Our friends Nina and Ken on Makaio (who stayed a night aboard with us in Carriacou during Carnival) arrived . They had hot footed it up from Granada. We had fun catching up with them.
They also have bikes aboard so one day we went for a tour over the island with them. We cycled over to the turtle sanctuary on the north east coast. It was great to get the bikes out again. We stopped at a beach under the shade of some very tall and elegant palm trees. Ken found some dried and browny pale coconuts on the ground which had fallen from the trees. With the skilful use of his machete he made quick work of getting in through the husky exterior to the little hard coconut – nut itself inside. They were delicious, small and rich. Amazing to find such a tasty thing inside what looked very unpromising from the out side. We all had a shot of de- husking them and soon had a pannier full of little brown coconuts.
The turtle sanctuary had tanks of Hawksbill turtles at different stages, they are reared to the age of 5 then released back to the beach they were taken from as hatchlings. We saw some tiny baby ones which were exceptionally sweet.
Another day we had a great snorkel with Ken and Nina on a place called ‘Devil’s Table’. This was off the northern headland of the bay.
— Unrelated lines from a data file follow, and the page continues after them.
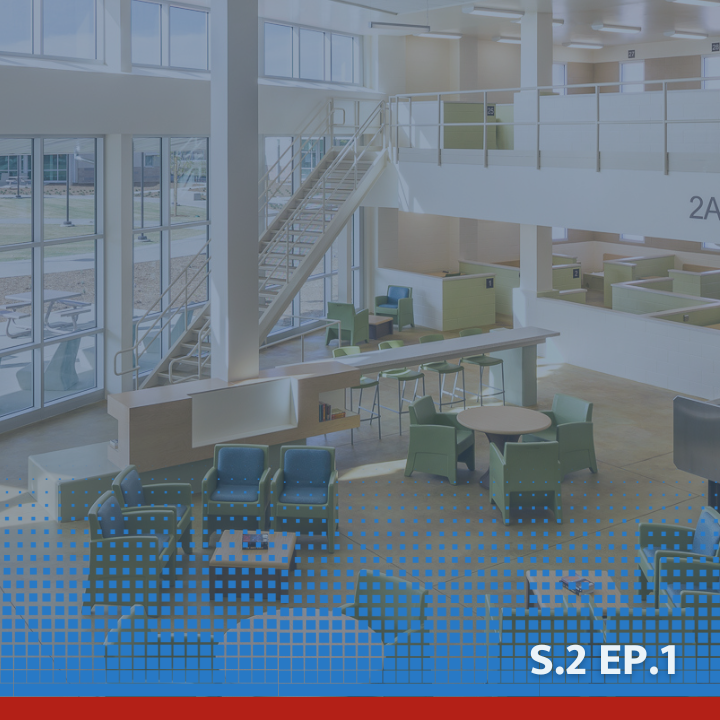 Transforming Corrections through SIM with Sheriff Wayne Dicky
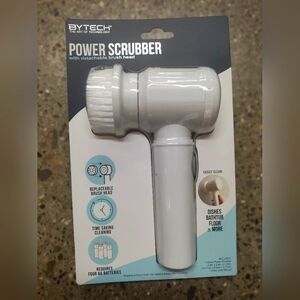 White Power Scrubber Giveaway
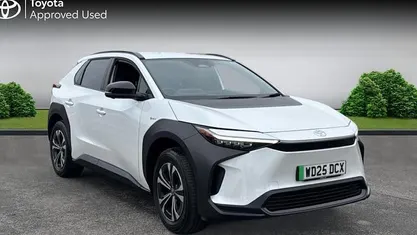Used Toyota bZ4X 150 kW (204 HP) 2023 SUV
We went over with our dinghies and tied them up to a little mooring there. Dan took the GoPro camera so we did manage some underwater photos on that. Each place we snorkel we see different things, and there is a different atmosphere. Here we saw some fairly large and developed coral. There was a sort of raveen we could swim through and see the corals and fish above us as we were diving down . Ken spotted some barracuda in the water.
On Saturday evening (22nd )we arranged a BBQ with some friends from the other boats. We had it on the beach just beside where we are anchored Tony Gibbons’ Beach AKA Princess Margrets’s beach. Ken and Nina from ‘Makaio’, Andy and Kerry and kids , from Inverness on board a beautiful steel boat – bound for Australia, and guys from ‘Arina’ , ‘Restless Spirit’ and ‘Atriums’. It was a lovely evening, the ‘meat man ‘ had been in town that day so the BBQ was well stocked up with his produce, we all brought different salads and things too. After a short sleep that night Dan and I upped anchor at 3am and set off with a good breeze for St. Lucia 70 odd miles north (to windward). We have checked into St. Lucia for three days ( it is possible to get a three day entry when you check in here, and as long as you leave with in that time you don’t need to go back to customs and immigration to clear out, as you effectively clear in and out at the same time) we will head up to Martinique next after exploring here.